**REQUIREMENT:**
Strip out the pictures and output each remaining line of the data word for word.

**INFORMATION SUPPLIED:**
********

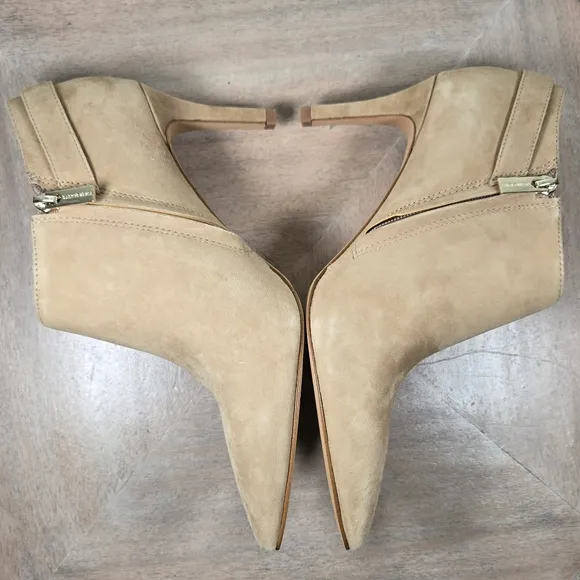 Vince Camuto Kreitha True Suede Ankle Booties Size 9.5, Suede Ankle Bootie Heels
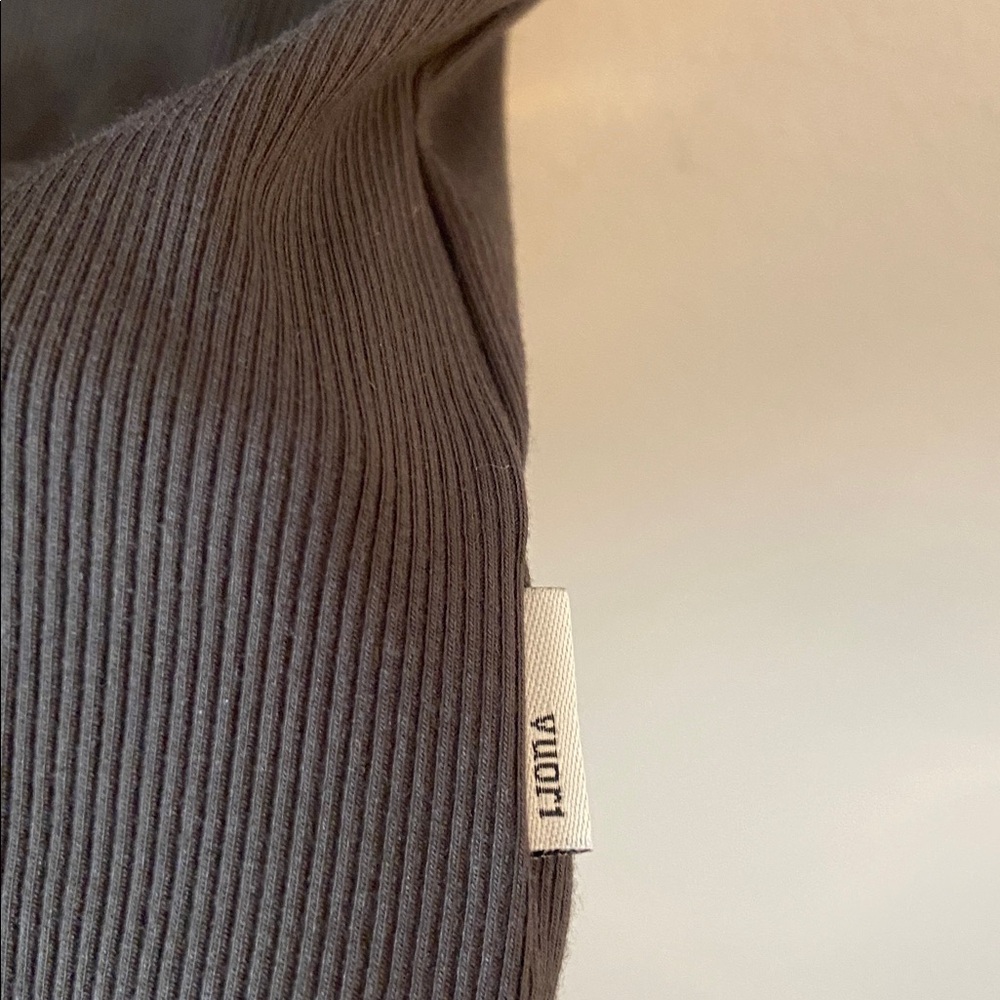 Vuori Green Pose Scoop Back Tee - Picture 6 of 7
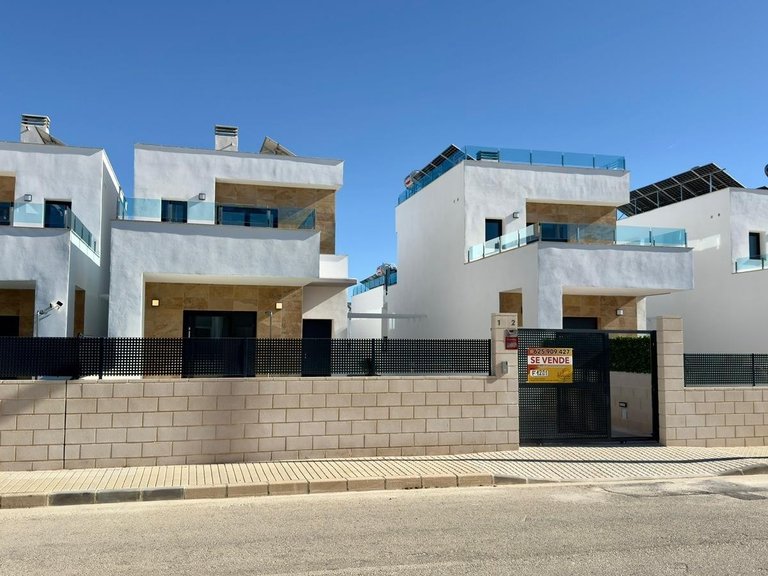 Villa for Sale in Polop, Alicante 9
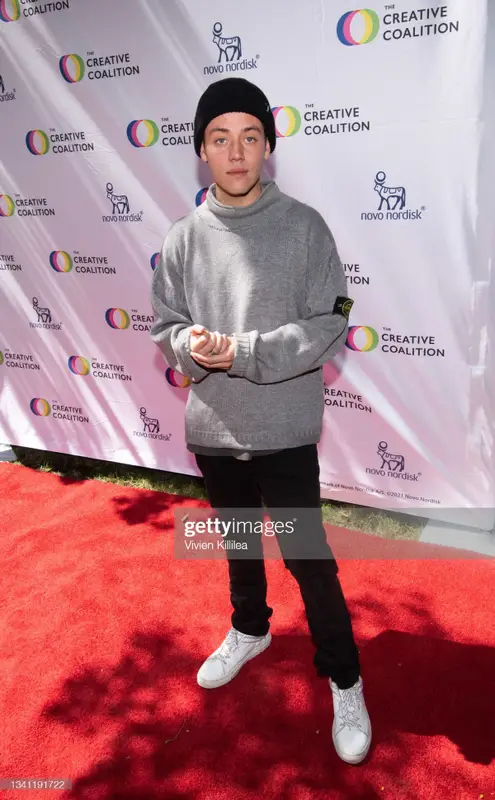 Ethan Cutkosky outfit in Stone Island, Ksubi, and Vans, 2021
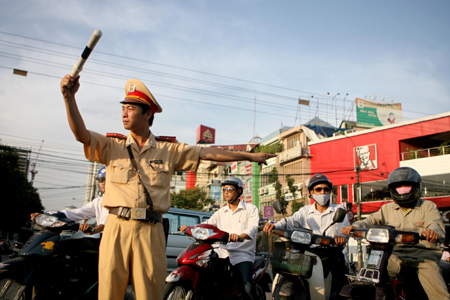 canh sat giao thong giaoducvietnam 15 Tả chú cảnh sát điều khiển phương tiện giao thông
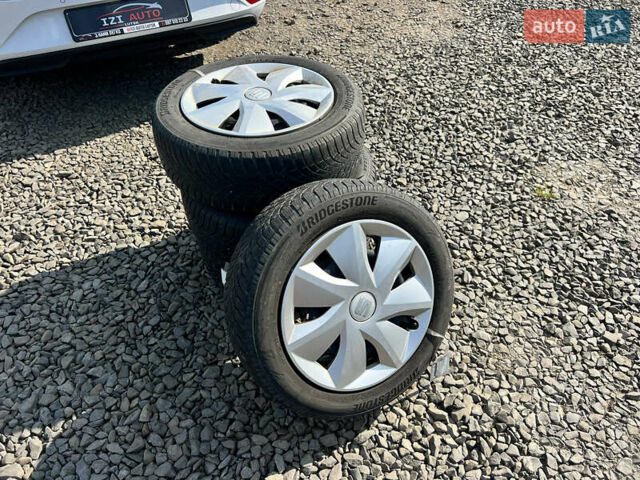 Білий Сеат Leon, об'ємом двигуна 2 л та пробігом 196 тис. км за 20559 $, фото 82 на Automoto.ua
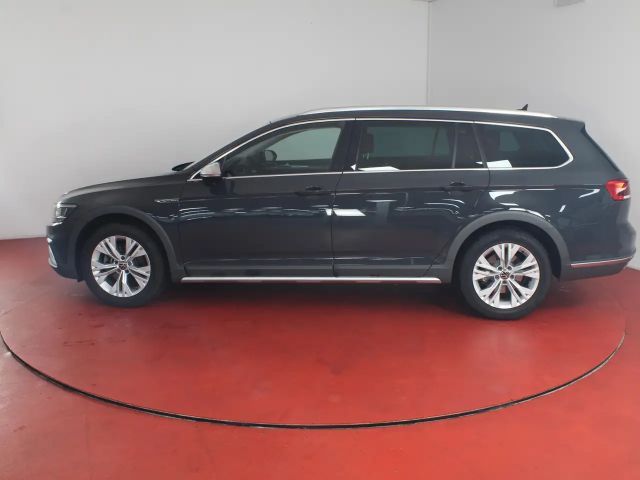 Volkswagen Passat 2.0 TDI AllTrack DSG
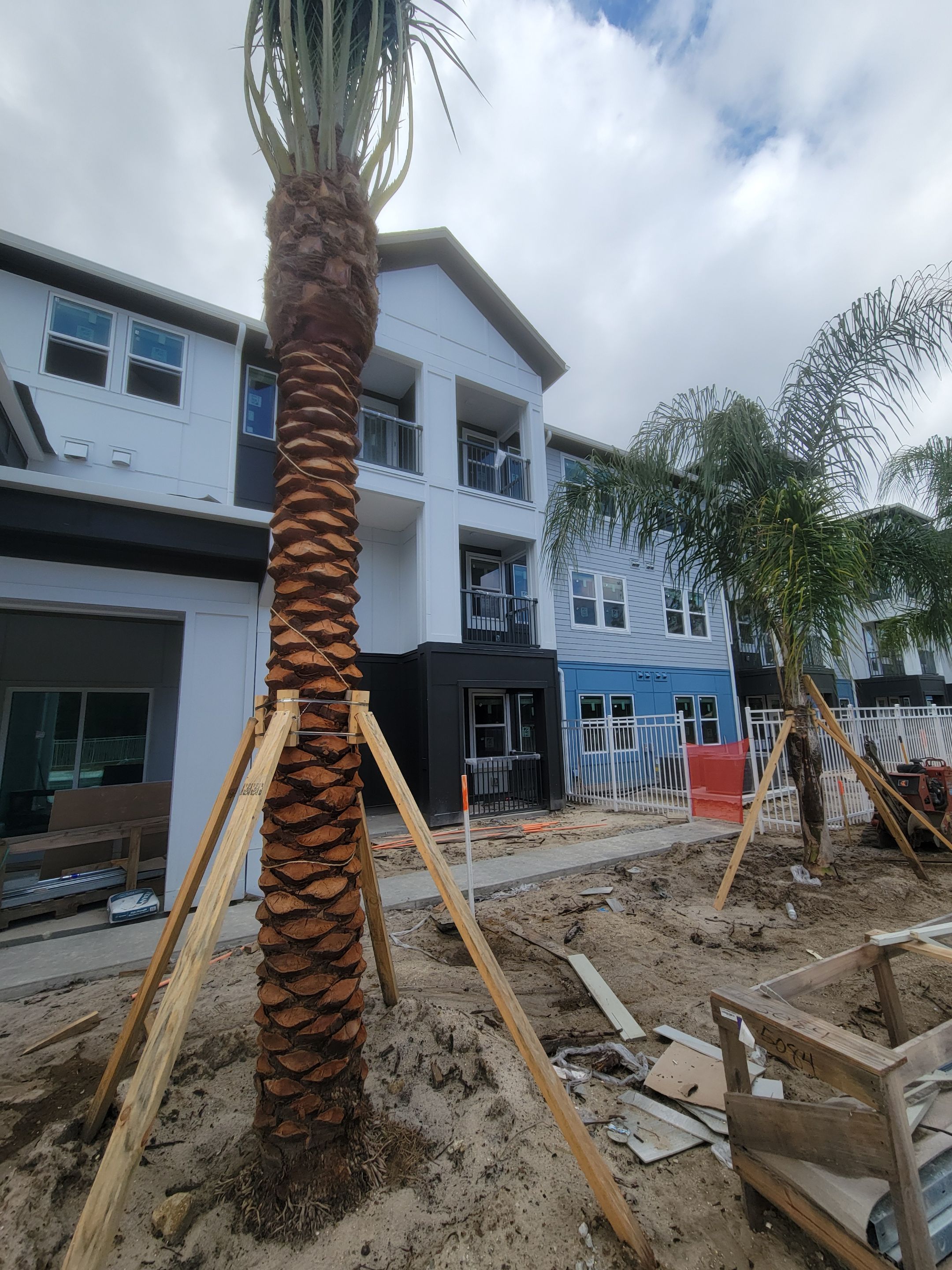 7-Inch Seamless Gutters for Large Roofs in Daytona Beach FL by Gutter Professors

********

**SOLUTION FOR THIS PROBLEM:**
 Vince Camuto Kreitha True Suede Ankle Booties Size 9.5, Suede Ankle Bootie Heels
 Vuori Green Pose Scoop Back Tee - Picture 6 of 7
 Villa for Sale in Polop, Alicante 9
 Ethan Cutkosky outfit in Stone Island, Ksubi, and Vans, 2021
 canh sat giao thong giaoducvietnam 15 Tả chú cảnh sát điều khiển phương tiện giao thông
 Білий Сеат Leon, об'ємом двигуна 2 л та пробігом 196 тис. км за 20559 $, фото 82 на Automoto.ua
 Volkswagen Passat 2.0 TDI AllTrack DSG
 7-Inch Seamless Gutters for Large Roofs in Daytona Beach FL by Gutter Professors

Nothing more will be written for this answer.